⟨

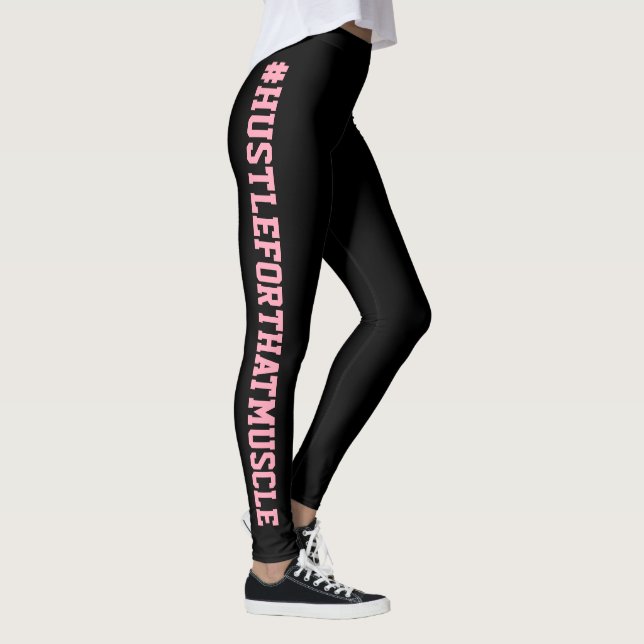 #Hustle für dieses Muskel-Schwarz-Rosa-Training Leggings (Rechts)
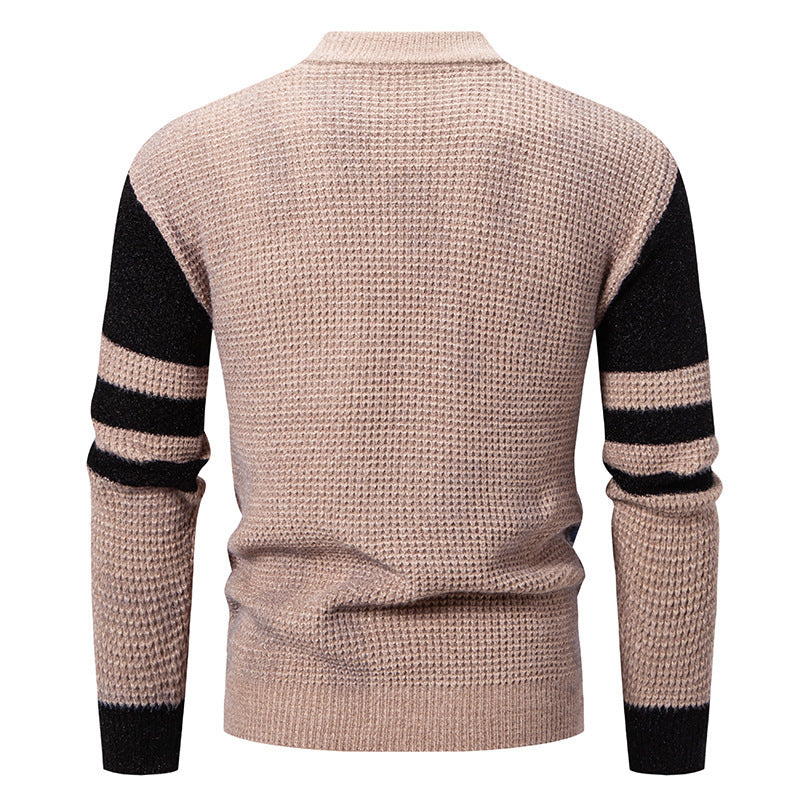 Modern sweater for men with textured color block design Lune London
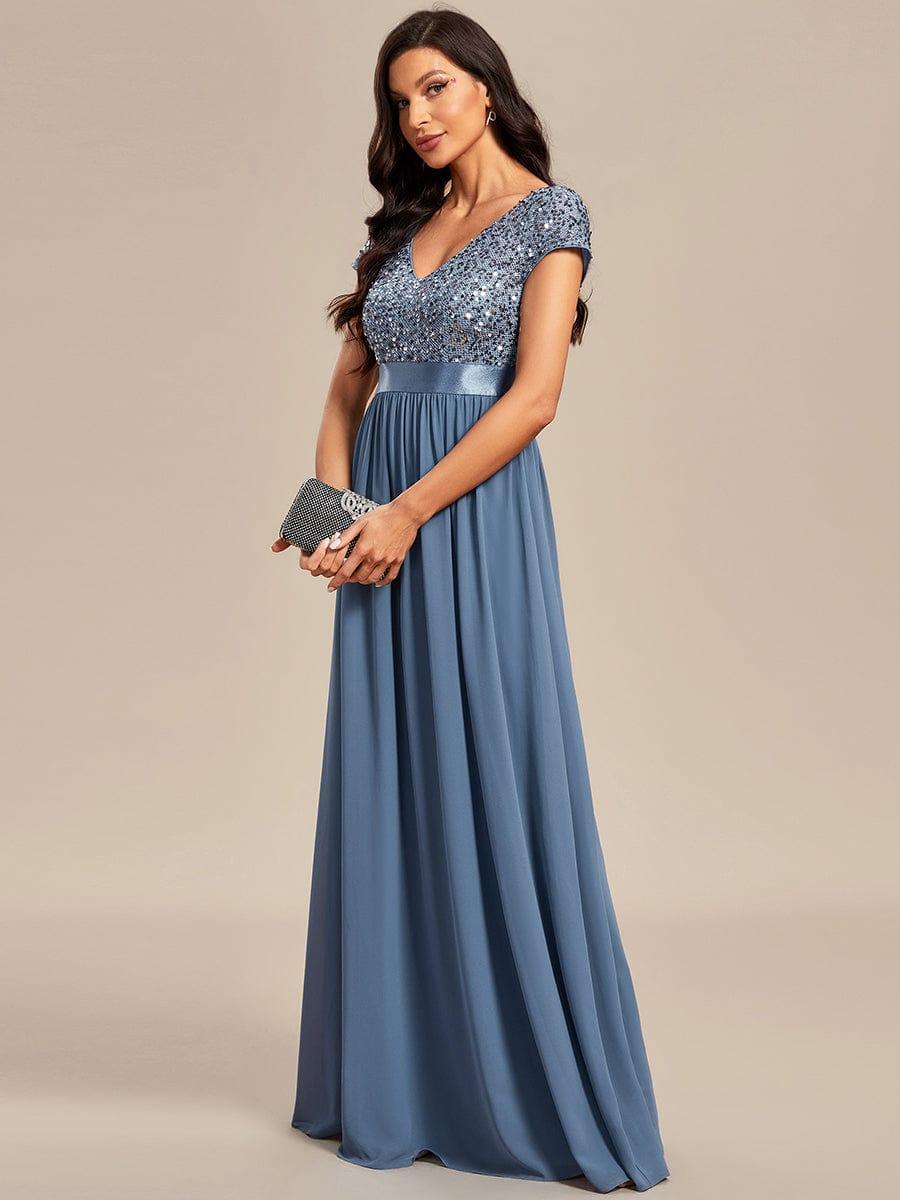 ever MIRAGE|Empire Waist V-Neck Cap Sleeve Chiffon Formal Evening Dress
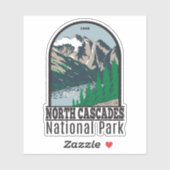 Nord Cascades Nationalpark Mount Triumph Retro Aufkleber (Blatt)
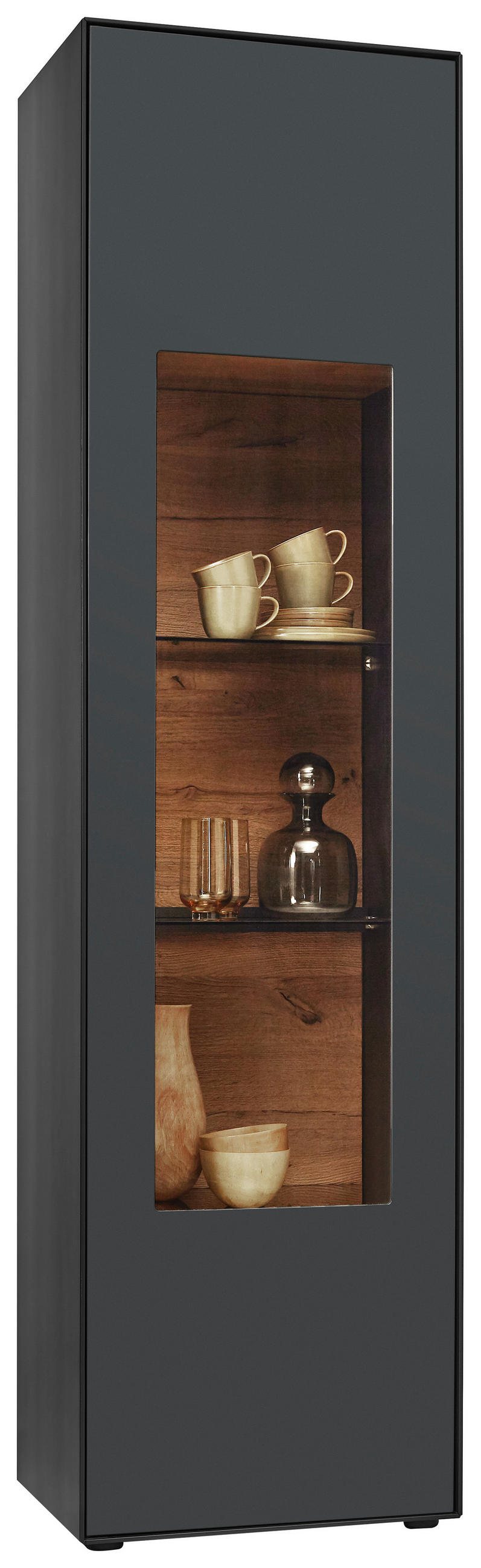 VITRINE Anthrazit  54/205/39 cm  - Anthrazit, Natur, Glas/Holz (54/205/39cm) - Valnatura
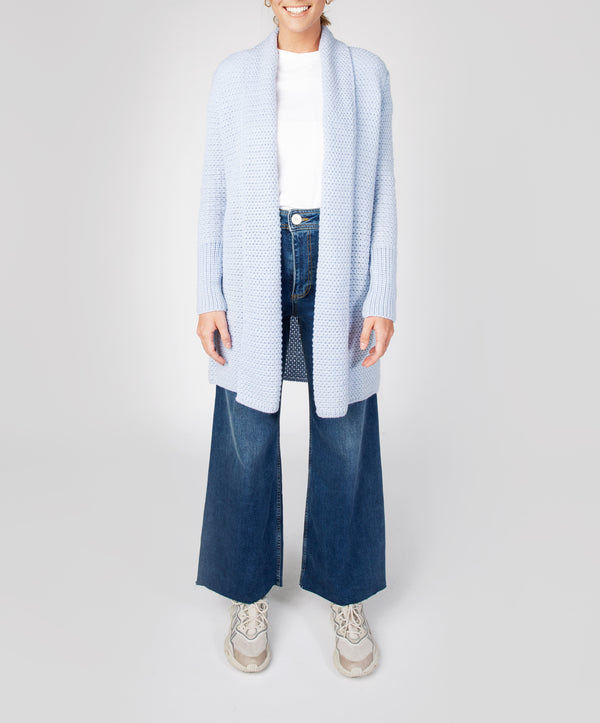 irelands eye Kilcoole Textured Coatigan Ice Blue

⟩
⟨

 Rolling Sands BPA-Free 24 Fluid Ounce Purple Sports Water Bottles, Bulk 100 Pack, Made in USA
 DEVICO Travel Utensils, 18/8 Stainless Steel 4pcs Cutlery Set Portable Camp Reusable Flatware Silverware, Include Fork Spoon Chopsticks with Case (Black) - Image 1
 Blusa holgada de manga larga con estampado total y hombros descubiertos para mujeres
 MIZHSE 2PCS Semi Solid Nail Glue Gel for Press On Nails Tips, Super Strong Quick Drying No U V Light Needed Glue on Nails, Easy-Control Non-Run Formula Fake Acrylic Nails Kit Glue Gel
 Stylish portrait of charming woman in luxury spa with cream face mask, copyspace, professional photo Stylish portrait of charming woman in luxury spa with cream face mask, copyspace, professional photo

⟩
⟨

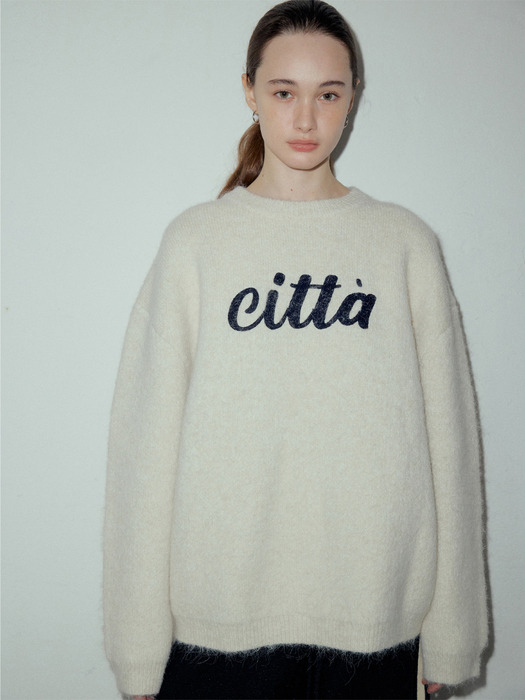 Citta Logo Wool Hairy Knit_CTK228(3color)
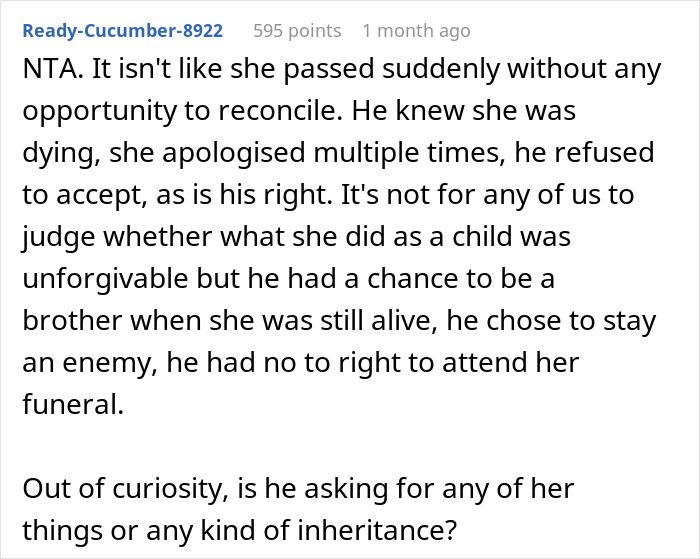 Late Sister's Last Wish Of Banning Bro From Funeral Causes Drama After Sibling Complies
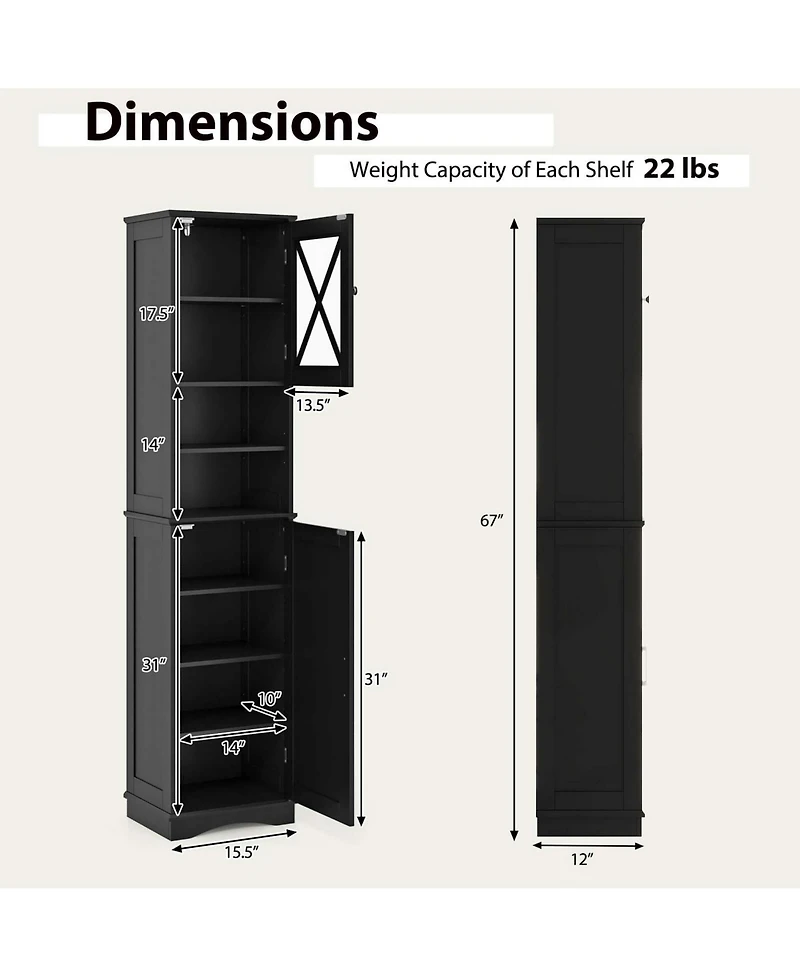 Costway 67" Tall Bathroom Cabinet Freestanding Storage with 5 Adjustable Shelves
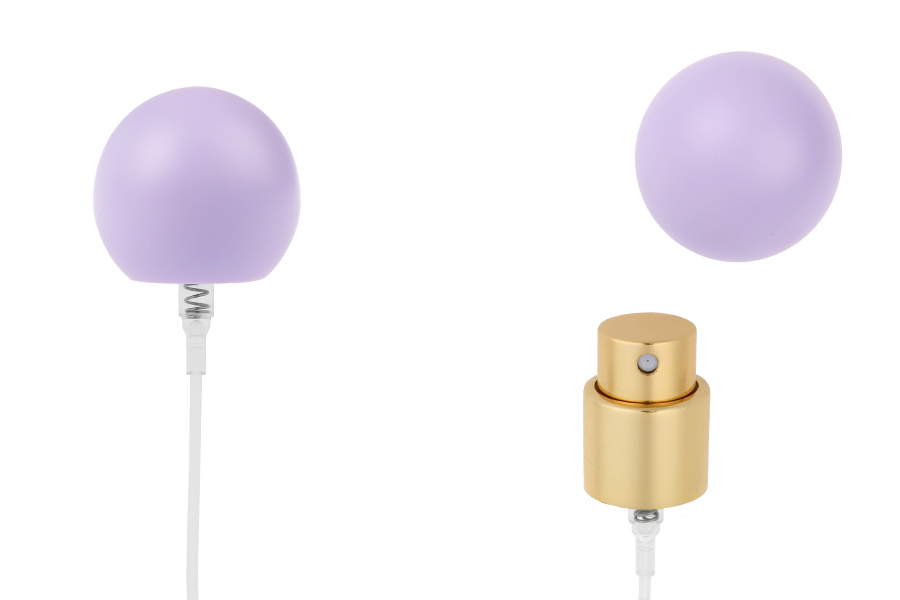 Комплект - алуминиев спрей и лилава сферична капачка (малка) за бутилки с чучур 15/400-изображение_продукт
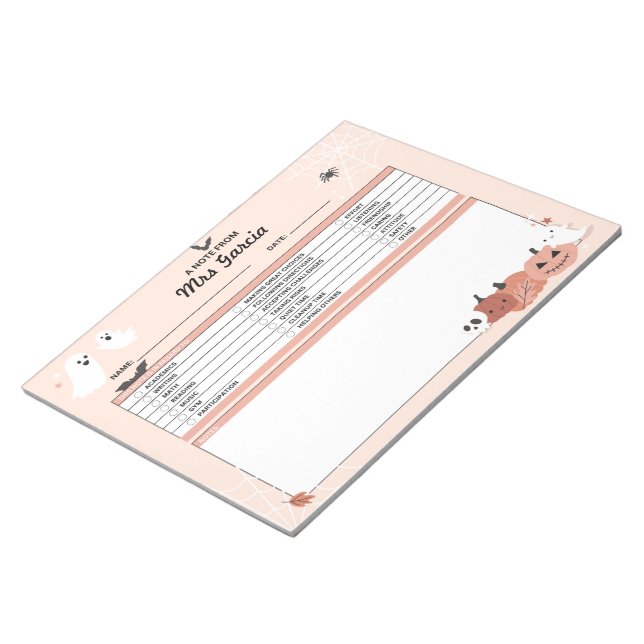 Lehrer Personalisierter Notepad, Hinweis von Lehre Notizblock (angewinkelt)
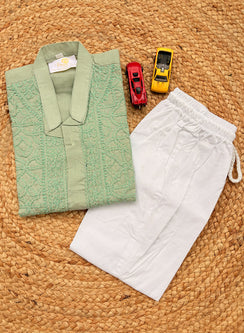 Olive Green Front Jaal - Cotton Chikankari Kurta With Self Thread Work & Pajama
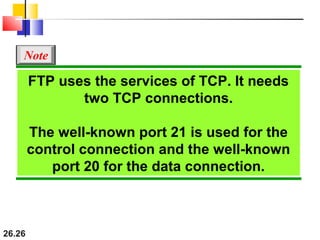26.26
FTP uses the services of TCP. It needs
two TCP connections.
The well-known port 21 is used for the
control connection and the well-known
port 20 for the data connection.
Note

⟩

• [Task to complete] Tally the lines of the material in which the word "well" appears. Output the count alone.

• [Worked solution] 2